Thursday, May 18, 2006

Knowing When to Run

Bankrate looks at the investment market, including this blurb about Sacramento real estate:

Savvy investors know when to hold 'em. They also know when to walk away and know when to run...

Jim Lofgren, executive director of the Rental Housing Association of Sacramento Valley, says with more potential investors eager to park their money in a house, finding one worth the risk is more difficult. There is "a lot of competition" for the good investment properties, Lofgren says. "It's tough to find a good bargain out there.

"It is really important for investors to determine: What is their investment strategy? If you're looking to make money real quickly, you'll have a tougher time in the market now," he says. "There's not the appreciation there once was. This is a market where people are looking to the long run."

Lofgren's co-worker, Cory Koehler, has that long-term mentality when it comes to his pending investment purchase. Koehler, deputy director of the Rental Housing Association of Sacramento Valley, planned to close on his second rental property -- a single-family home -- the first week of May. Both of the homes Koehler rents out are in Sacramento County, Calif.

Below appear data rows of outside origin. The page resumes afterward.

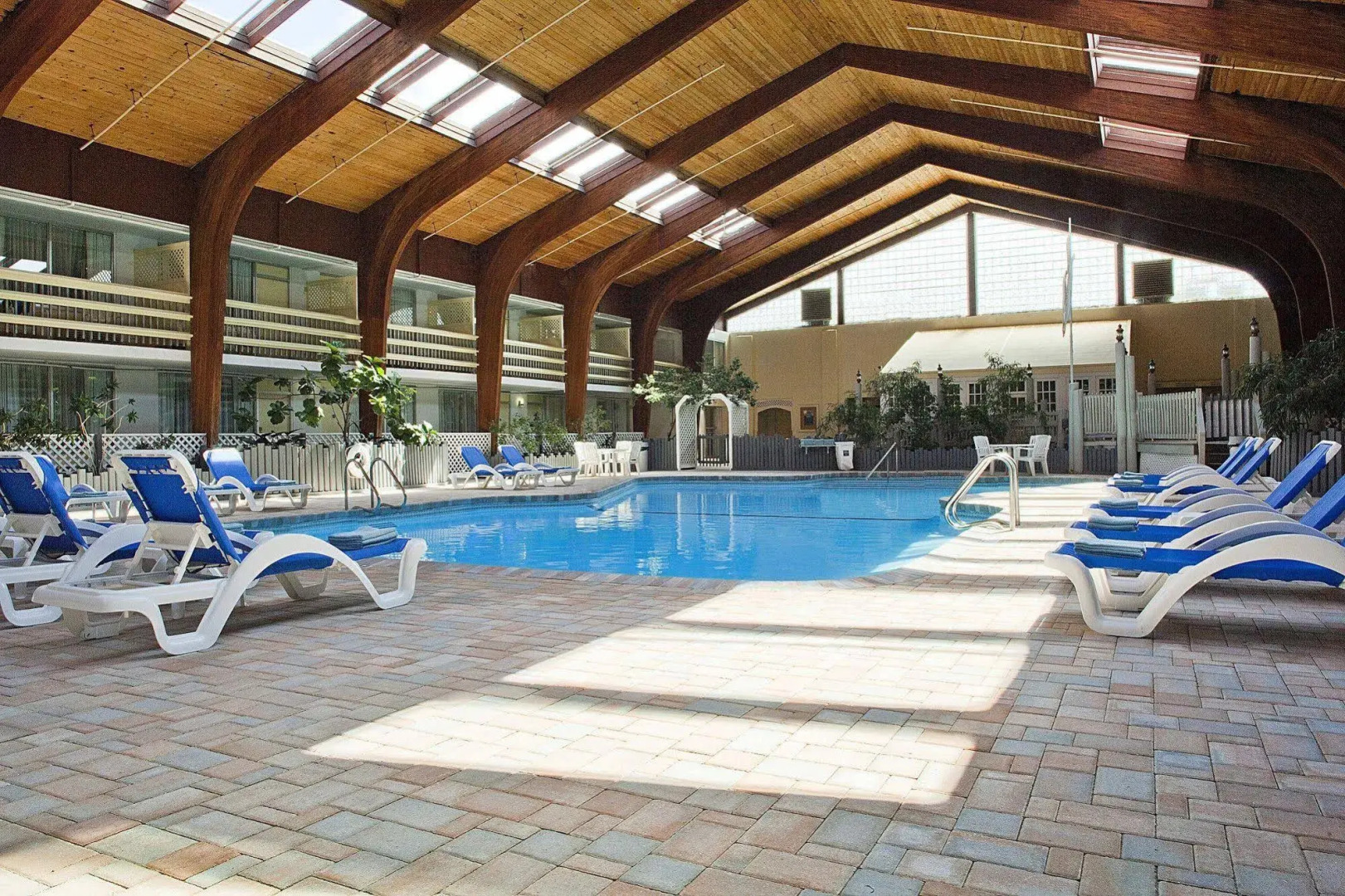 Four Points by Sheraton Eastham Cape Cod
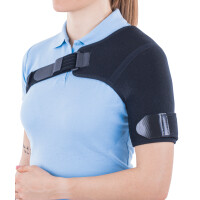 Orteza de umar, 1 buc, ARMSPORT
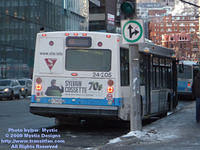 STM-24205-012409-02.jpg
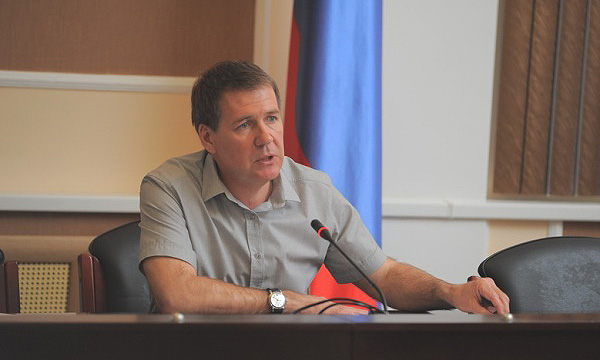 Фото: orenburg.er.ru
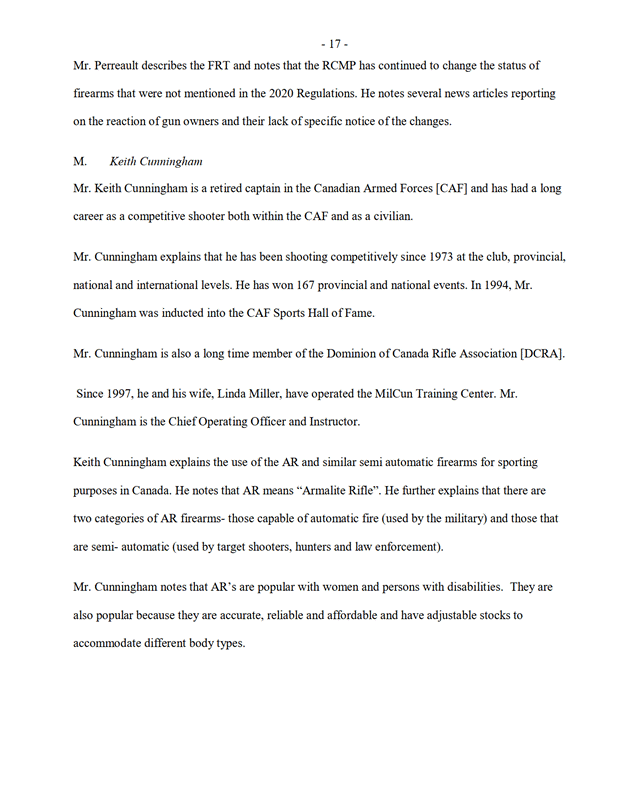 T-569-77%20T-577-20-%20et%20al-%20Annex%20B%20Summary%20of%20Selected%20Evidence-%20as%20of%20July%2010-20-CK_17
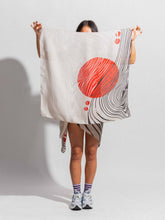 Load image into Gallery viewer, LONDON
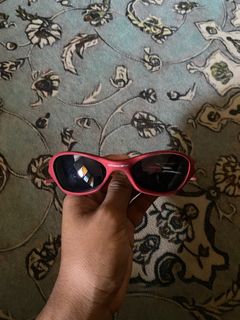 (Category: ) located in . Submitted by danialazni (Listing ID 1312488835, Image 1). Description: .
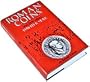 Roman Coins and Their Values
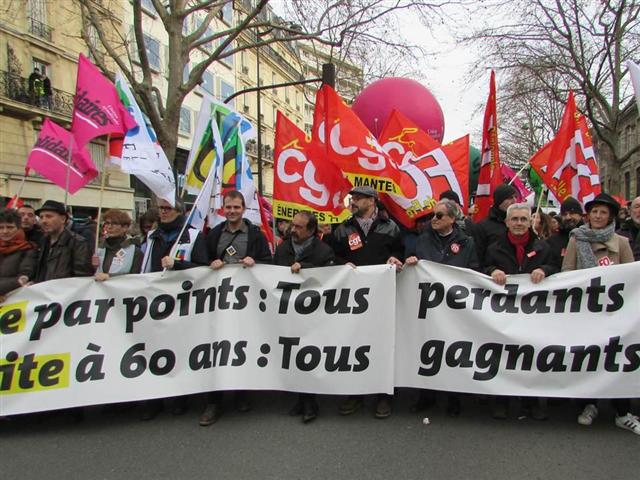 jornada-de-protestas-en-francia-contra-perdida-de-poder-adquisitivo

Spending money to make money

Although Koehler thinks he will not have a problem finding a tenant for the new house, he says he will have to give out of his pocket "several hundred dollars" to make up the difference and pay the mortgage. That, of course, doesn't include all of the other costs of homeownership, plus possibly carrying the entire mortgage if the property is vacant.

However, Koehler says with all of California having pricey real estate, he didn't have much of a choice but to get into the market. "The market is quite high and the rental market is quite soft," Koehler says. "The appreciation on real estate in the last three to five years is in the double digits."

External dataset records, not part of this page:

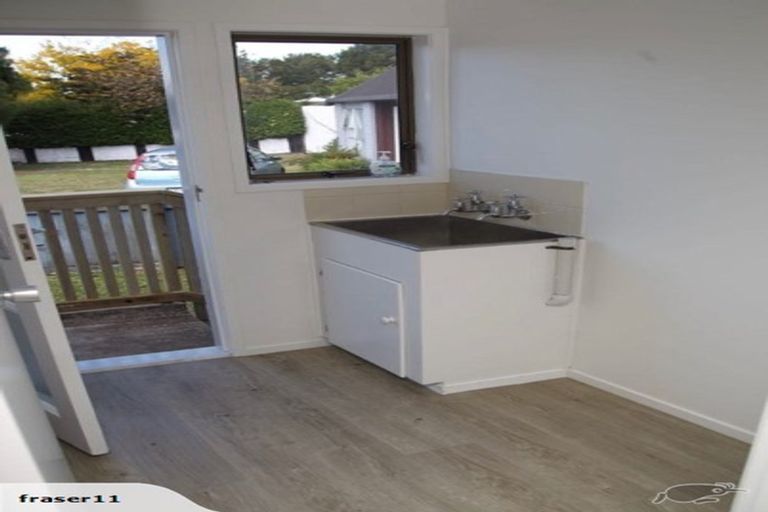 Photo of property in 5 Camellia Place, Hamilton Lake, Hamilton, 3204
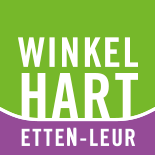 Zonnebloem afdeling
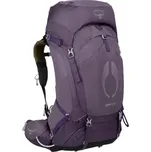 Osprey AURA AG 50 enchantment purple WM/WL XS/S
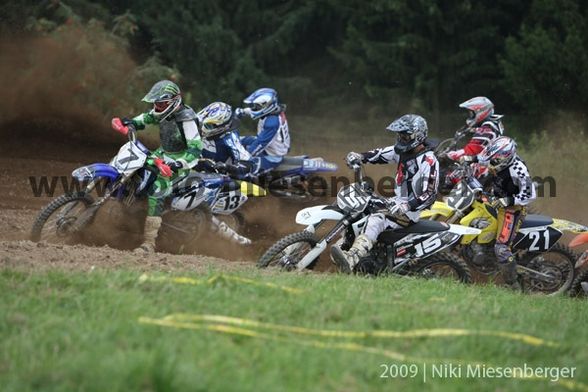 MX-Weekend Oberndorf 09 - 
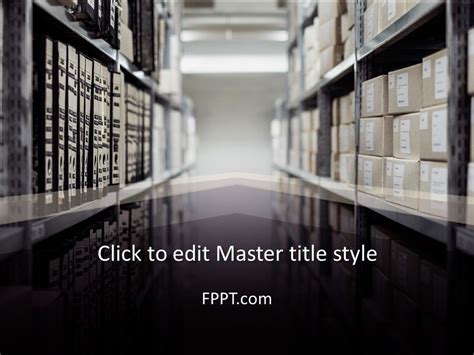 Free Themes Archives .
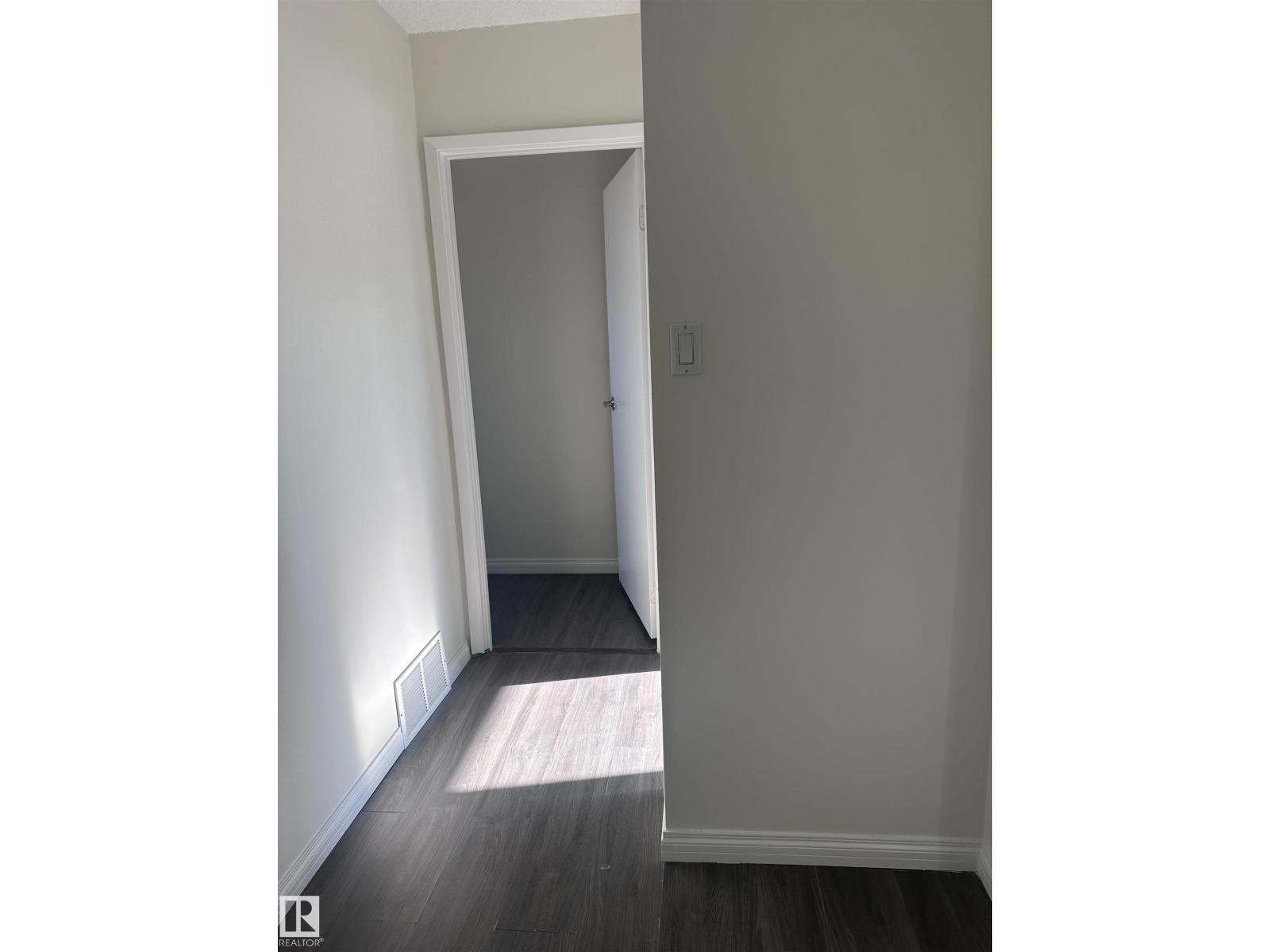 5625 137 AV NW, Edmonton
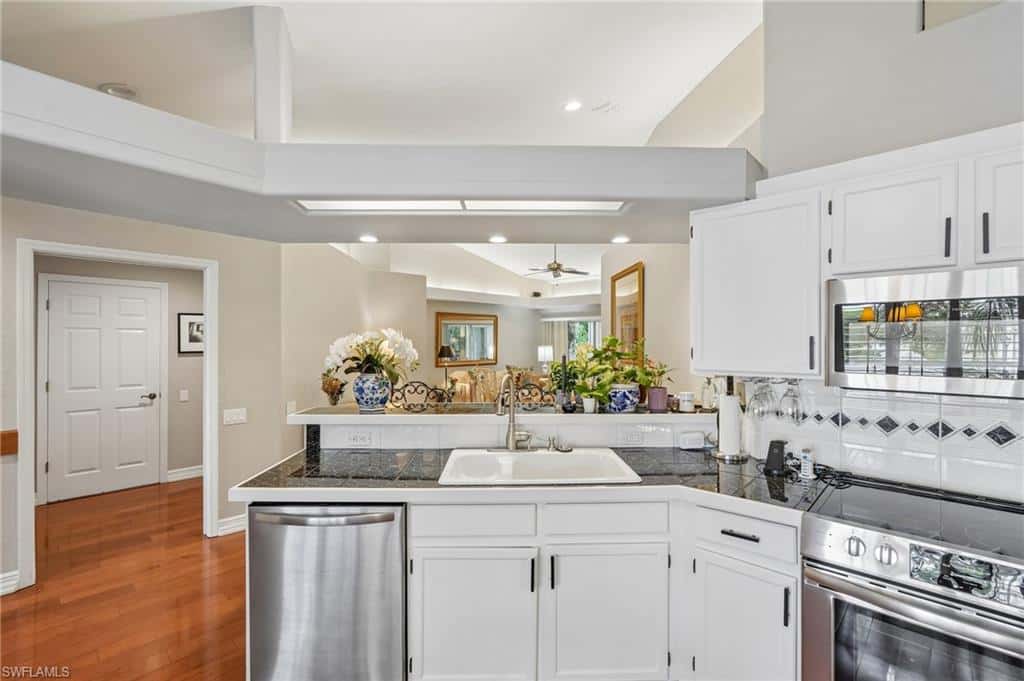 3755 Fieldstone Blvd #1206, Naples, photo 13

Since real estate has been so tempting, more renters flocked to becoming homeowners, eroding the tenant pool, he says. Koehler is counting on the house appreciating and area rents rising. "I'm willing to be patient," he says.

1 comment:

tom stone said...

wow,"long term" investing.my textbook says "any property bought primarily for resale is speculative in nature" but here where a properties rent doesn't even cover the note,it is called long term investing.i think this is cognitive dissonance rather than stupidity...it is so widespread.i may well be wrong since by definition half the populace has an iq under 100 and many people are chemically impaired.